The World Model generates the next instruction by querying the multi-modal LLM (by default, we use OpenAI's gpt-4o) with our prompt template.
You can print out our default World Model template with the following code or view the full template here:
from lavague.core.world_model import WORLD_MODEL_PROMPT_TEMPLATE
print(WORLD_MODEL_PROMPT_TEMPLATE.template)

This shows us the overall guidelines. Let's now see now how examples are provided to provide world knowledge:
from lavague.core.world_model import WORLD_MODEL_GENERAL_EXAMPLES
print(WORLD_MODEL_GENERAL_EXAMPLES)

If we wanted to add knowledge to our World Model prompt template, we can do so with the add_knowledge method, which allows us to add knowledge from a file:
extra_knowledge = """
Objective: Find the latest papers on Fine tuning
Previous instructions:
- SCAN
- Click on 'Previous'
Last engine: [NONE]
Current state:
external_observations:
vision: '[SCREENSHOT]'
internal_state:
agent_outputs: []
user_inputs: []
Thoughts:
- The current screenshot shows the top of a page showing papers papers published on the 22nd May 2024 on Hugging Face.
- The objective is to find the latest papers on Fine tuning.
- As we need to find the latest papers, the best next step is to gather more information to see if this page contains the information we need.
- The best next step is to use the Navigation Controls to take a screenshot of the whole page to find the latest papers on Fine tuning.

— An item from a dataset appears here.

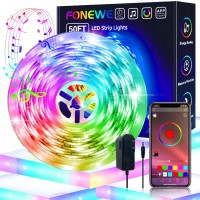 Fonewe Led Lights For Bedroom 50Ft Music Sync Led Light Strips Color Changing Led Strip Lights With App Control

Next engine: Navigation Controls
Instruction: SCAN
"""
# save extra knowledge to a file
file_path = "knowledge.txt"
with open(file_path, "w") as file:
file.write(extra_knowledge)
# Import extra knowledge from file
world_model.add_knowledge(file_path=file_path)
Improving performance
By adding knowledge, we can improve the World Model's performance where it is failing to generate correct next instructions.
If you want to replace the default examples passed to the World Model entirely, you can do so by initializing your WorldModel and passing your examples as a string as an examples optional argument:
new_examples = "[YOUR_EXAMPLES_HERE]"
world_model = WorldModel(examples=new_examples)
Customizing your World Model
World Model from Context
You can customize the mm_llm multi-modal LLM used by the World Model by instantiating it from a Context object with the WorldModel.from_context method.
Details on how to do this are provided in our customization guide.
Optional arguments
Alternatively, you can pass your World Model class any of the four key customizable arguments:
mm_llm: A Multi-modal LLM. This can be anyllama_index.multi_modal_llmsobject. By default, we use OpenAI's gpt-4o.prompt_template: The prompt template used to query the multi-model LLM to generate the next instructionexamples: A string containing examples of how we expect the WorldModel to reason and produce a good next instructionlogger: An AgentLogger which records information about the World Model
Once initialized, the World Model can be used as seen previously.